Hard data from Viking and Pathfinder missions to Mars do not indicate
strong martian winds, according to Flynn. “But those missions did not
collect data during dust storms on Mars. Global computer models and wind
tunnel tests indicate very high winds are required to start and maintain a
dust storm on the red planet,” he said.

“Our goal is to demonstrate that the solar-wind hybrid system can compete
with traditional energy production systems in rural environments above the
Arctic Circle,” Flynn said. “By demonstrating the feasibility of a system
on Earth, we are beginning to address the feasibility for a system on Mars.”

“We have been working with a private contractor, Northern Power Systems, of
Waitsfield, Vt., to develop these types of hybrid wind-solar systems, one
of which is called the village power system,” he said. “This system is
under development for use in rural Alaskan villages.”

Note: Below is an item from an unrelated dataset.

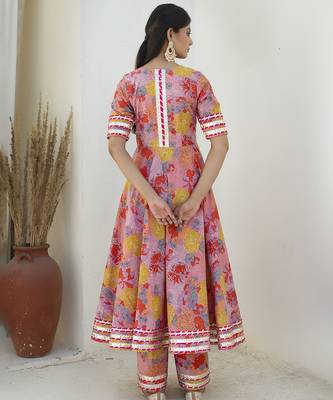 Multicolor cotton printed anarkali 5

Wind turbines that are able to operate in extremely cold, windy areas are
scheduled for testing in Kotzebue, Alaska, location of a wind power test
farm. The wind turbine system to be used in the Alaskan village power
system won R&D Magazine’s “R&D 100 Editors’ Award” in 2000.

“Originally, we were using the Amundsen-Scott South Pole Station, where
there are about six months of darkness, as a Mars analog,” Bubenheim said.
“We were working with life support technologies, including growing fresh
fruits and vegetables and recycling waste. Then we thought about using wind
machines on Mars, too. People at both the South Pole Station and a space
habitat have to be careful to efficiently use electricity,” he explained.

Antarctica is sufficiently remote that getting diesel oil in is difficult,
according to Bubenheim. The key issue at the South Pole, Mars and Alaska is
maintainability in extreme environments. Wind machines must be able to
operate in conditions of low temperature, frost and the presence of
abrasive materials, such as sand, he said.